Problem requirements » When the line with "Vintage: Taburete de" comes up, set it down and every later line to the end of the data, exactly and without pictures.

Given records »
----------

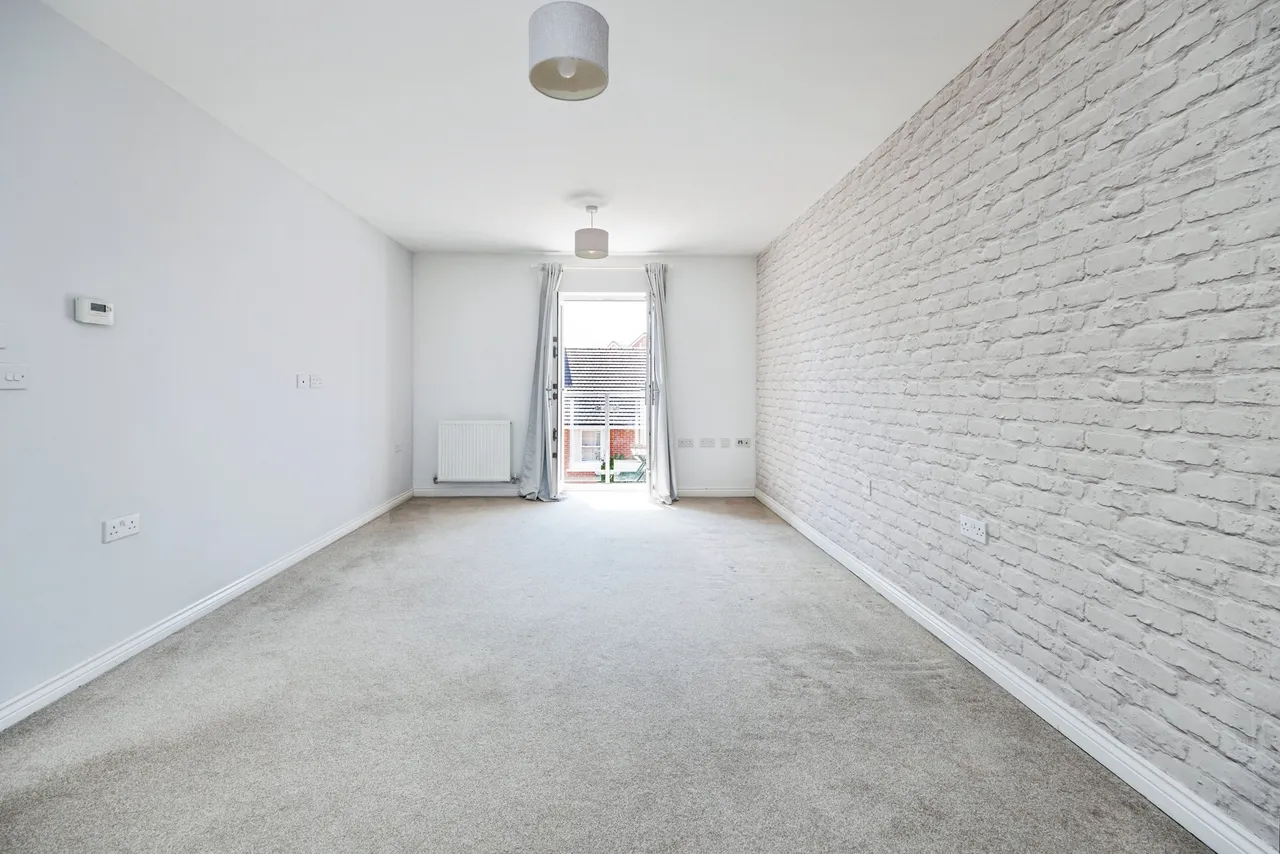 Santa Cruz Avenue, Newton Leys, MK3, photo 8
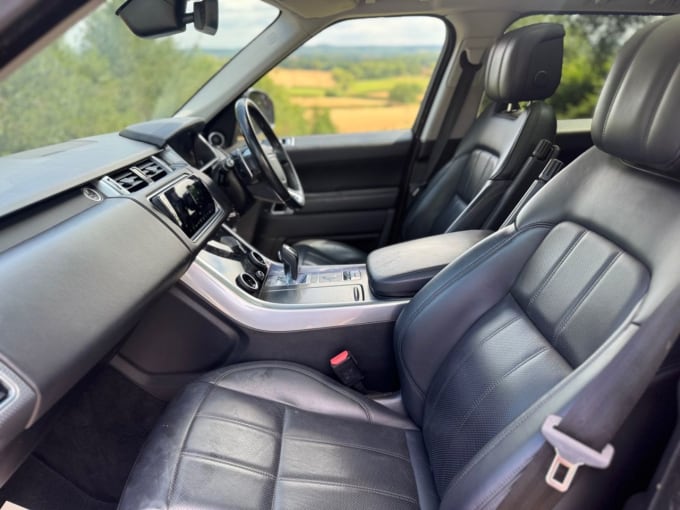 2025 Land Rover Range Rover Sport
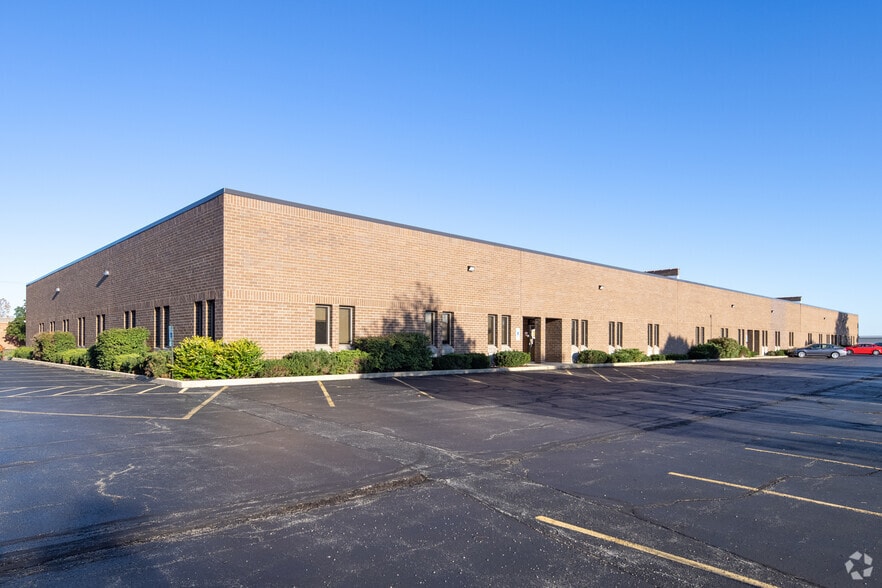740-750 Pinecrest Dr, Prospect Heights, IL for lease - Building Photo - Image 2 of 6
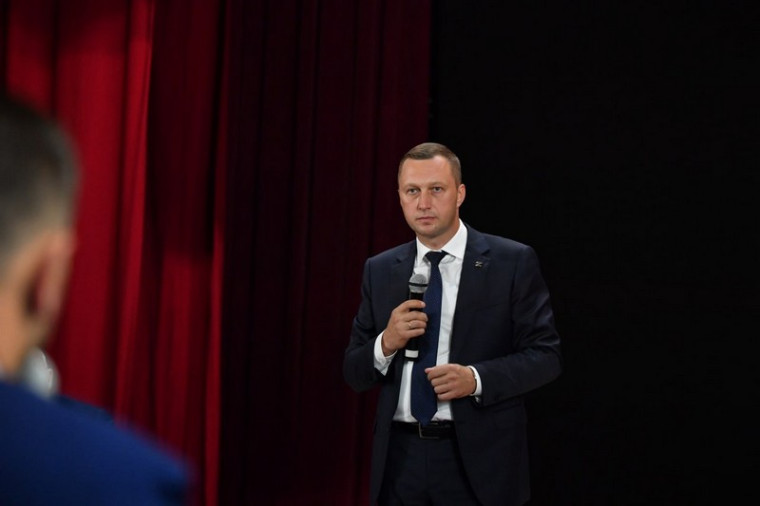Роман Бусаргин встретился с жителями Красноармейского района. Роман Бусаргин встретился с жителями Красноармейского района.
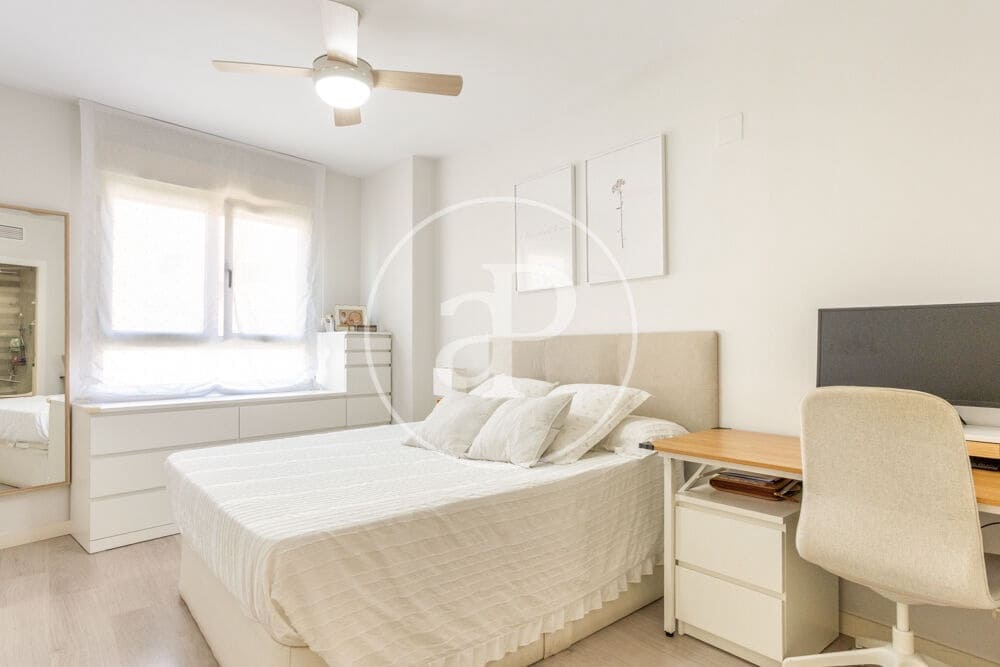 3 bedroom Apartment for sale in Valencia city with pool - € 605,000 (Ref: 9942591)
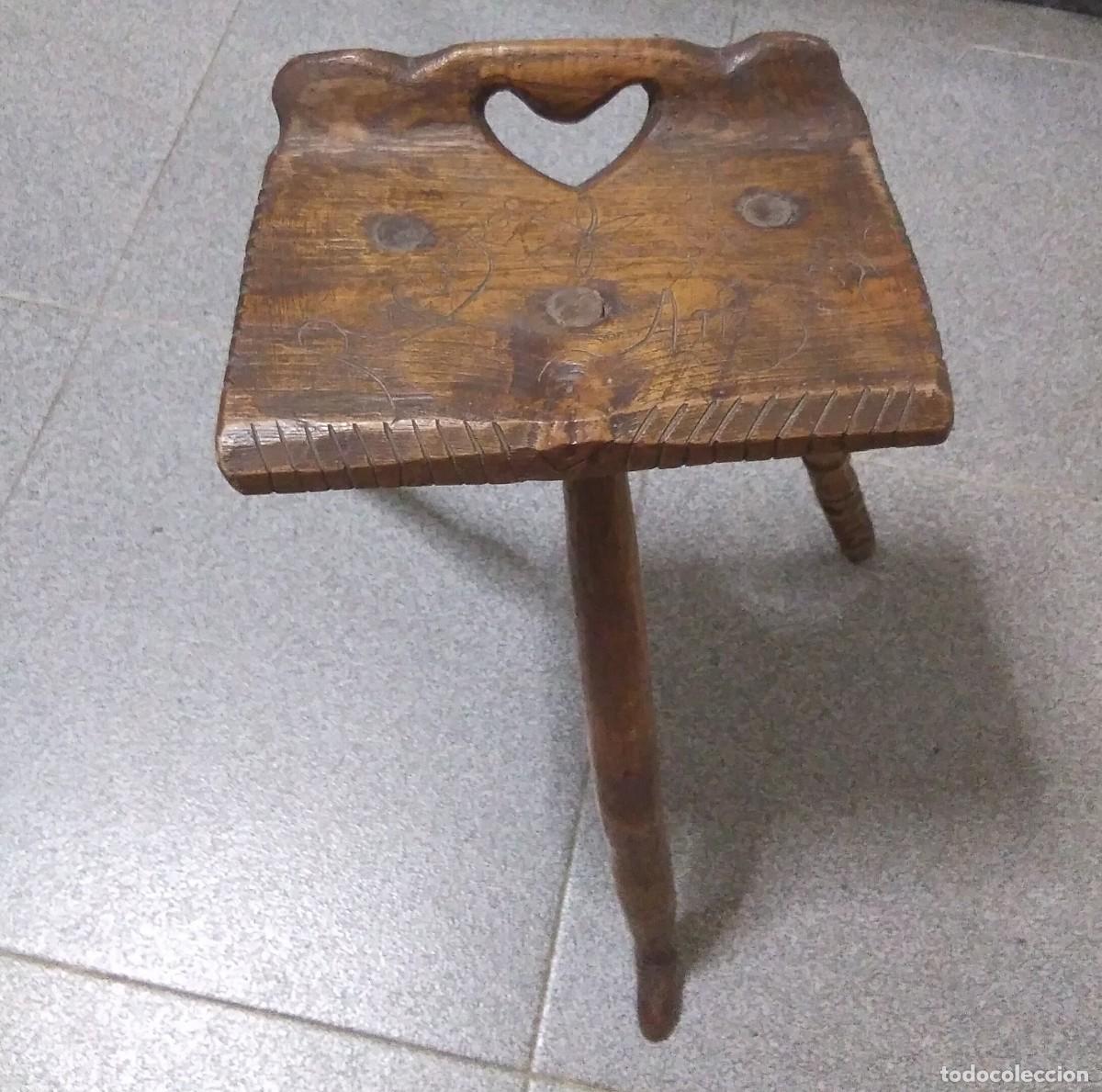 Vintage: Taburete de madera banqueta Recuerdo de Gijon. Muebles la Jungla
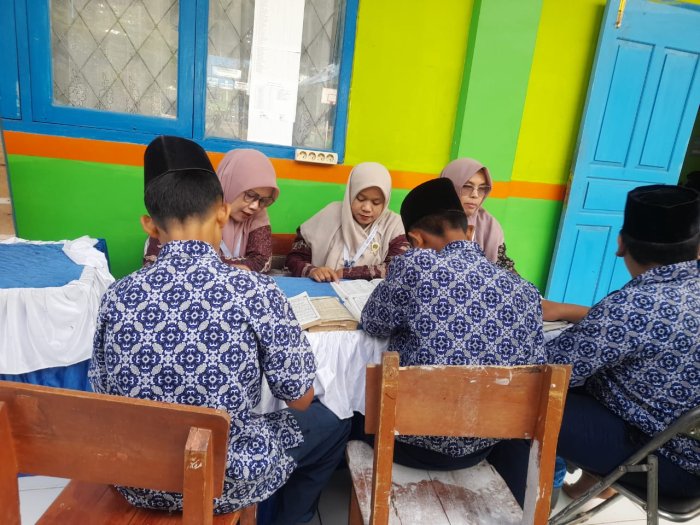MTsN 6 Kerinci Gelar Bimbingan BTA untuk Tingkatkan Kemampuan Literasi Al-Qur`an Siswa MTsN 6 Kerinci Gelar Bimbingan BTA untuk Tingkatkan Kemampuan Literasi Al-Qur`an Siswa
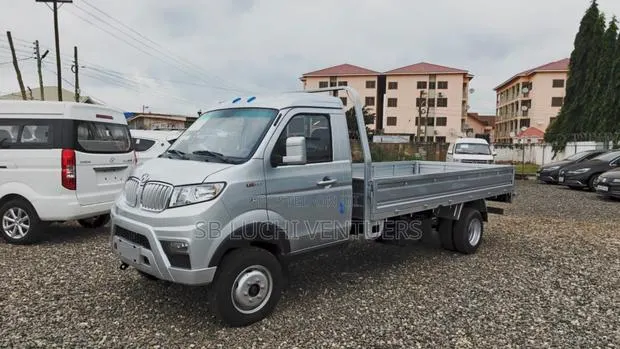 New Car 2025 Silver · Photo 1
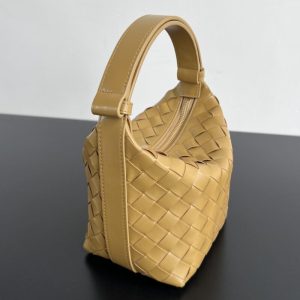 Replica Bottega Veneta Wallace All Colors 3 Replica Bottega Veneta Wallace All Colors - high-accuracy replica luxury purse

----------

Output for this task »
 Vintage: Taburete de madera banqueta Recuerdo de Gijon. Muebles la Jungla
MTsN 6 Kerinci Gelar Bimbingan BTA untuk Tingkatkan Kemampuan Literasi Al-Qur`an Siswa MTsN 6 Kerinci Gelar Bimbingan BTA untuk Tingkatkan Kemampuan Literasi Al-Qur`an Siswa
 New Car 2025 Silver · Photo 1
 Replica Bottega Veneta Wallace All Colors 3 Replica Bottega Veneta Wallace All Colors - high-accuracy replica luxury purse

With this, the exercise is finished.